I’m also careful about my eye contact with other men, and how I conduct myself so that there isn’t even a hint of any behavior that could be misunderstood. I also won’t allow myself to be alone in a room with another man, or eat alone with, or talk about anything with a man that could even slightly make my husband uncomfortable. It’s just safer that way and it’s honoring my husband’s feelings and it guards my heart.

There have been business situations that have come up that have put us in uncomfortable situations, but Steve and I have talked (and continue to talk) about preventative measures to safeguard ourselves in those situations so we’re both confident that we’re guarding our hearts and our relationship to the best of our ability with the Lord’s help.

For me (Steve) building hedges to protect my marriage includes making sure I’m never alone in an office with a woman with the door closed or traveling alone (even on short car trips) with another woman. When I do travel without Cindy, I take 3X5 cards with Psalm 101:3 written on them “I will set before my eyes no vile thing” and place one on the TV and other prominent places around the hotel room. This reminds me that I’ve planted a hedge to protect my mind from any image that could cause me to stumble or fall.

I also put 2 pictures of Cindy on my nightstand. This serves two purposes: (1) It reminds me of the beautiful gift God gave me in my wife, and (2) It reminds me that I don’t want to do anything that would cause a breech in our relationship.

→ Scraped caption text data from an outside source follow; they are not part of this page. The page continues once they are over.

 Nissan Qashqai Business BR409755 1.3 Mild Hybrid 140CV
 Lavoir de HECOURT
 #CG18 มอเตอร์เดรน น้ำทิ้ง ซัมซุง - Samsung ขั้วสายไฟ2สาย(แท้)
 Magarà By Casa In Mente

And the best hedge of protection a man can plant in his life is to have another man who’ll hold him accountable. I was blessed several years ago to find an older, godly man, who was willing to meet with me once a month and ask me 5 questions. I gave him the questions that I knew I needed to be held accountable in areas of my life:

1) Are you spending regular time alone with God in prayer and study of His word?

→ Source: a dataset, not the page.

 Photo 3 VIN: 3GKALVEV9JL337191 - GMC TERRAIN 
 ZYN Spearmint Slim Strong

2) Are you spending quality time with Cindy?

3) Are you walking according to God’s revealed will for your life?

4) Has your thought life been pure?

5) Have you lied about any of the above answers?

He also had my permission to call me at “unexpected” times to ask me the same questions.

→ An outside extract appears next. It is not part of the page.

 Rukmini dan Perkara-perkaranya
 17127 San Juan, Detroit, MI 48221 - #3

In his chapter called, “The Power of Deception”, Jerry Jenkins says, “Knowing our own weaknesses is one way to begin tilling the soil for the seeds of the hedges that will protect us.” Men, it’s so important to identify our area(s) of weakness now before we’re attacked. A good military commander always identifies the areas of potential weakness in their defense perimeters. That’s where weapons and resources are concentrated so that when the attack comes, the enemy will be turned back.

Give your wife “A Gift of Love” this week. Identify your weak areas and plant hedges, and fortify your defensive perimeters to protect yourself and your marriage.

Another area of concern that all of us needs to be careful of is in having opposite-sex friendships. It’s not that it isn’t possible to have healthy opposite-sex friendships; however, we need to make sure we safeguard ourselves appropriately because of the complications that could arise.

One resource we’ve been given permission to offer you is a questionnaire called “20 Questions for Guiding Opposite Sex Friendships in Marriage” by Dr. Todd Linaman (which we have posted on our web site in the “Communication” section. It’s a resource from Family Life Communications that’s intended to help couples determine if there’s a potential threat to your marriage in this area plus it offers helpful guidelines to consider safeguarding your marriage in light of this situation.

Also, if you’d like to get a copy of Jerry Jenkins’, Loving Your Marriage Enough to Protect It, it’s published by Moody Press. We’d highly recommend both of these resources because both of them give some very sound information on how to honor your marriage, and safeguard your hearts from possible future temptations. It’s better to prevent something from happening rather than be sorry later.

We pray all of this has been helpful for you. Please know our love and prayers are with you as together we strive to make our marriages convey the love of Christ in every way.